[Start of section]

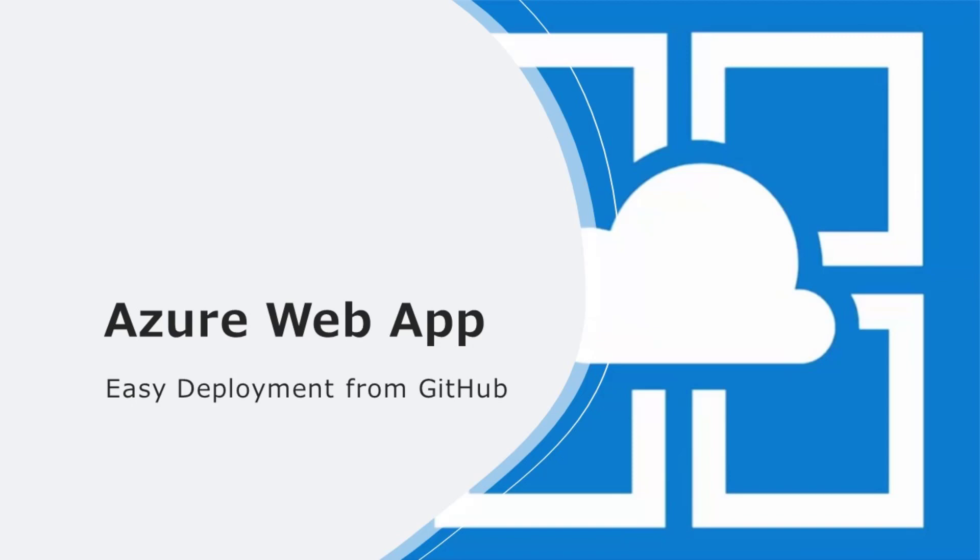In this video, I'll be showing us how to deploy to Azure App Service from GitHub. Let's get started.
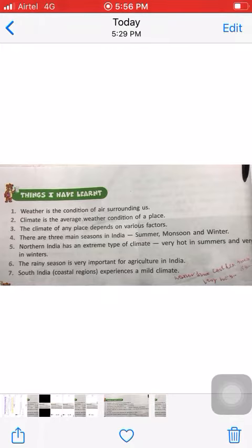Number seven: south India experiences a mild climate. In coastal areas, it is neither too hot nor too cold, so the climate is pleasant there. This is all about the chapter — I have summarized it. Now we will do the fill-ups of this chapter.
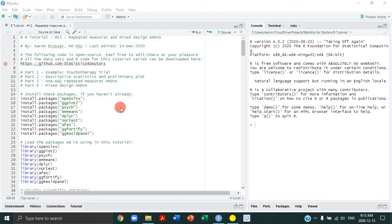Hello, everyone. Welcome to tutorial number 12 in our R tutorial series. Today, we're going to be talking about repeated measures ANOVA and mixed design ANOVA and how you do these analyses in R. I'm looking forward to this tutorial in particular because I think it's going to be relevant to a lot of you since these sorts of analyses are commonly used in clinical trials. We have a lot to cover today, so let's just jump right into it.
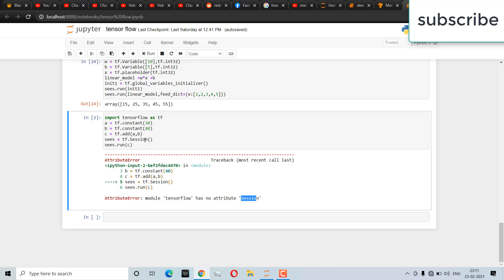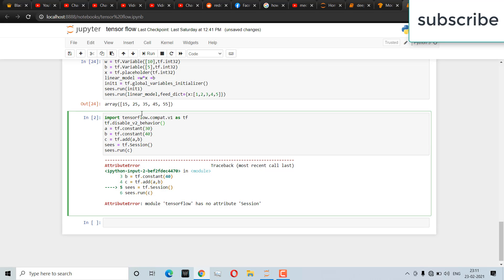So first what we need to do is simply replace this with this line of code. Basically what this line of code does is it changes TensorFlow to convert into version 1.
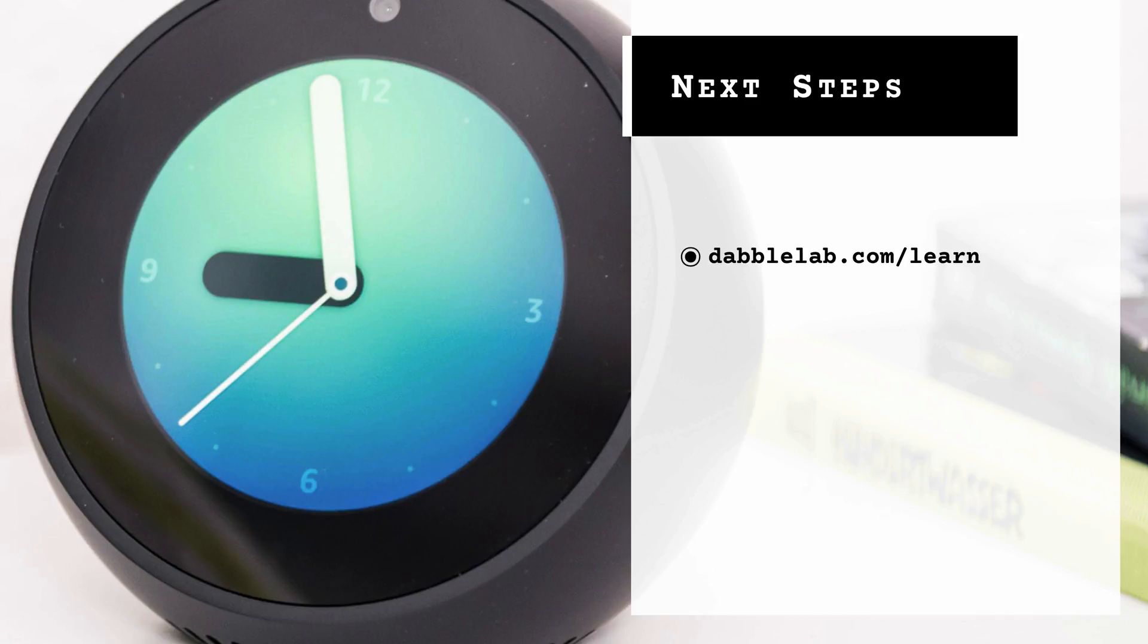First, head over to dabblelab.com/learn. There you'll find links to all of the resources that I mentioned in this course and you can also subscribe to get notified when this course is updated or when I publish a new course.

[End of section]

What to produce:
Every line from the start of the material through the line containing "So first what" is needed exactly as written; the pictures are not.

Expected output:
In this video, I'll be showing us how to deploy to Azure App Service from GitHub. Let's get started.
Number seven: south India experiences a mild climate. In coastal areas, it is neither too hot nor too cold, so the climate is pleasant there. This is all about the chapter — I have summarized it. Now we will do the fill-ups of this chapter.
Hello, everyone. Welcome to tutorial number 12 in our R tutorial series. Today, we're going to be talking about repeated measures ANOVA and mixed design ANOVA and how you do these analyses in R. I'm looking forward to this tutorial in particular because I think it's going to be relevant to a lot of you since these sorts of analyses are commonly used in clinical trials. We have a lot to cover today, so let's just jump right into it.
So first what we need to do is simply replace this with this line of code. Basically what this line of code does is it changes TensorFlow to convert into version 1.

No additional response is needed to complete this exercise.